36 Volgens de rechtspraak van het Hof is de toepassing van het btw-stelsel en derhalve van de aftrekregeling afhankelijk van de vraag of de goederen zijn gekocht door een als zodanig handelende belastingplichtige. Het daadwerkelijke of voorgenomen gebruik van de goederen is enkel bepalend voor de omvang van de voorbelasting die de belastingplichtige krachtens artikel 17 kan aftrekken, en voor de omvang van eventuele herzieningen tijdens de daaropvolgende periodes (arrest Lennartz, reeds aangehaald, punt 15). Een belastingplichtige die een goed uitsluitend voor eigen privédoeleinden verwerft, handelt evenwel als particulier en niet als belastingplichtige in de zin van deze richtlijn (arrest van 6 mei 1992, De Jong, C-20/91, Jurispr. blz. I-2847, punt 17).
37 Een belastingplichtige die ervoor kiest om een onroerend goed volledig voor zijn bedrijf te bestemmen en vervolgens een deel van dat onroerend goed voor privédoeleinden gebruikt, heeft bovendien, zoals volgt uit de in de punten 21 tot en met 24 van het onderhavige arrest aangehaalde rechtspraak, het recht om de over alle vervaardigingskosten van dat onroerend goed betaalde bedragen aan voorbelasting af te trekken en is dienovereenkomstig verplicht tot betaling van btw over het bedrag van de uitgaven voor dat gebruik.
38 Anders dan de Belgische regering lijkt te stellen, is de belastingplichtige in een dergelijke situatie niet gehouden aan te tonen dat het onroerend goed dat volledig tot het bedrijf behoort, geheel of gedeeltelijk ter beschikking van de beheerders, bestuurders of vennoten wordt gesteld „voor belaste handelingen” in de zin van artikel 17, lid 2, van de Zesde richtlijn.
39 Een belastingplichtige die ervoor heeft gekozen het onroerend goed volledig voor zijn bedrijf te bestemmen, kan het namelijk, zoals blijkt uit artikel 6, lid 2, sub b, van de Zesde richtlijn, gebruiken voor andere dan bedrijfsdoeleinden en van hem kan niet worden verlangd dat hij aantoont dat het daarbij gaat om een gebruik voor belaste handelingen. De belastingplichtige hoeft dus geen rechtstreeks en onmiddellijk verband tussen het gebruik voor privédoeleinden van het betrokken onroerend goed en zijn belastbare economische activiteiten aan te tonen.
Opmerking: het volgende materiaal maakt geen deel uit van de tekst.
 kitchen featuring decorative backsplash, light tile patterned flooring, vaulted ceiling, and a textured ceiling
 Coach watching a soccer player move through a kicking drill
40 Derhalve dient op de tweede vraag te worden geantwoord dat de artikelen 6, lid 2, eerste alinea, sub a, en 13, B, sub b, van de Zesde richtlijn aldus moeten worden uitgelegd dat de omstandigheid dat de gehele of gedeeltelijke terbeschikkingstelling van het volledig aan het bedrijf toebehorende onroerend goed aan de beheerders, bestuurders of vennoten ervan, wel of niet rechtstreeks verband met de exploitatie van het bedrijf houdt, in situaties als in de hoofdgedingen irrelevant is om uit te maken of deze terbeschikkingstelling onder de vrijstelling van laatstgenoemde bepaling valt.